Let us return to good manners.  The vitriol of the 2008 contests was shocking, demeaning and unworthy of a people who have so much.   Let us all speak as if our grandparents were listening.  Please, no more name-calling, no more character assassinations.  Deep in our hearts, we all know that most candidates for public service, no matter their party affiliation, intend their best.  There is room within the American dialogue for virtually every perspective on every issue.  Open discourse fosters growth and development, knowledge and understanding. 

Let us look to our children in matters of race.  Young Americans are colorblind.  Their acceptance of and interest in each other evidences the kind of social evolution we can all be proud of.  They are the blessed reward for the civil rights struggles of the 20th century.  Let us ease away from the concept of "minority".  The complexion of this nation is evolving toward a human race.  Let us hold that concept in our hearts and value each life as equal in import to our own.

Let us hear each other, consider alternative views, and measure our words.  Let us respect each other, always.  Let us shrug off minor misunderstandings and perceived insults and insist upon the same from our elected leaders.  Today brings a fresh start, a new beginning, and an opportunity for us to appreciate each other as we did in the aftermath of September 11.   America is for all of us.  There is plenty here for everyone, yet we are not so rich that we can afford to ignore even the smallest of voices, liberal or conservative, young or old, urban or rural, black, brown, white or other.

Let us help each other when and where we can.  If we have gifts, let us share them freely.  If we have needs, let us express them responsibly and appropriately.  Where we see despair, let us offer our hands and hope.  Where there was discord and suspicion, let us celebrate our differences, expect the best and do our share.  One small contribution, every day, multiplied by each of us is an awesome force for the change we seek.

Let us stop blaming President Bush.  Whatever his shortcomings - and we will never agree as to their dimensions - let us understand that he has kept us safe from those who seek to destroy us.  Let us respect and appreciate him for his service to this nation in a time of global upheaval.

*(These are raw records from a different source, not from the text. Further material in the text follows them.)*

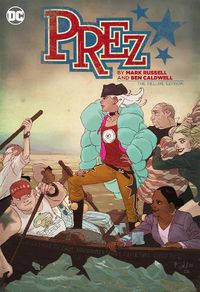 Cover image for Prez by Mark Russell and Ben Caldwell: The Deluxe Edition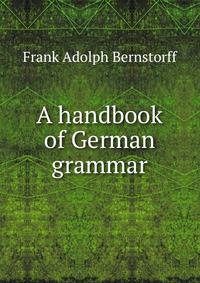 A handbook of German grammar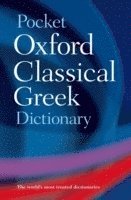 bokomslag The Pocket Oxford Classical Greek Dictionary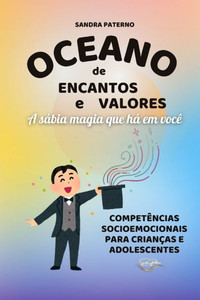 Oceano de Encantos E Valores: A sábia magia que há em você Oceano de Encantos E Valores: A sábia magia que há em você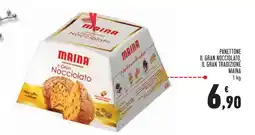 Conad Panettone il gran nocciolato, il gran tradizione MAINA offerta
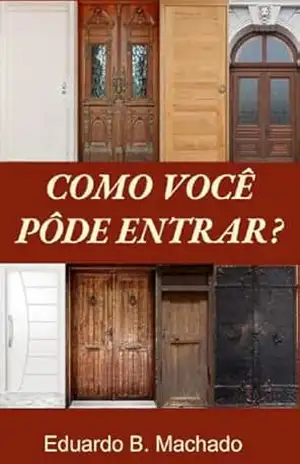 Como Você Pôde Entrar? – EDUARDO B. MACHADO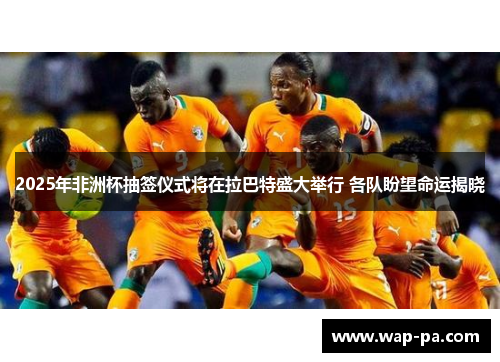 2025年非洲杯抽签仪式将在拉巴特盛大举行 各队盼望命运揭晓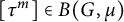 tau Superscript m Baseline element of upper B left parenthesis upper G comma mu right parenthesis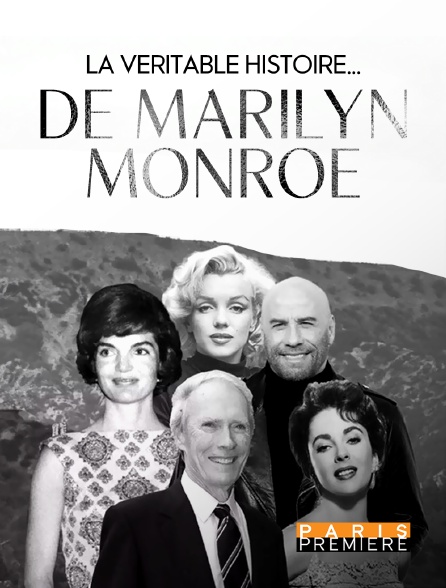 Paris Première - La véritable histoire...de Marilyn Monroe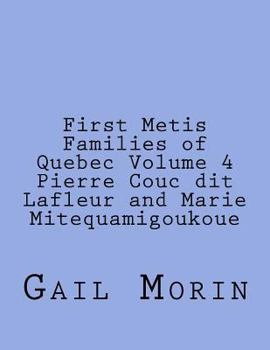 First Metis Families of Quebec Volume 4 Pierre Couc Dit LaFleur and Marie Mitequamigoukoue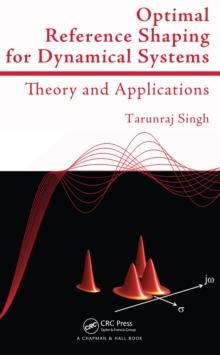 Optimal Reference Shaping for Dynamical Systems : Theory and Applications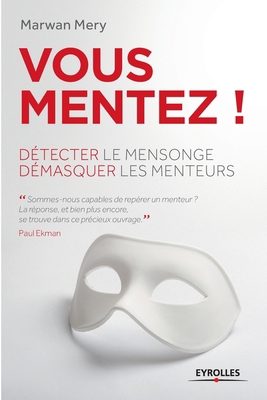 Vous mentez !: Détecter le mensonge, démasquer ... [French] 2212558457 Book Cover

Criticizing him with the most vicious language has become a national pastime and it is not fair, not honorable and not legitimate.  We do not have to agree with him to acknowledge his dedication to our well-being.  We cannot look to the future while grumbling about the past.

Let us take a collective deep breath, turn toward the future and work together to repair the soul and spirit of the greatest nation in the history of the world.  Agreed?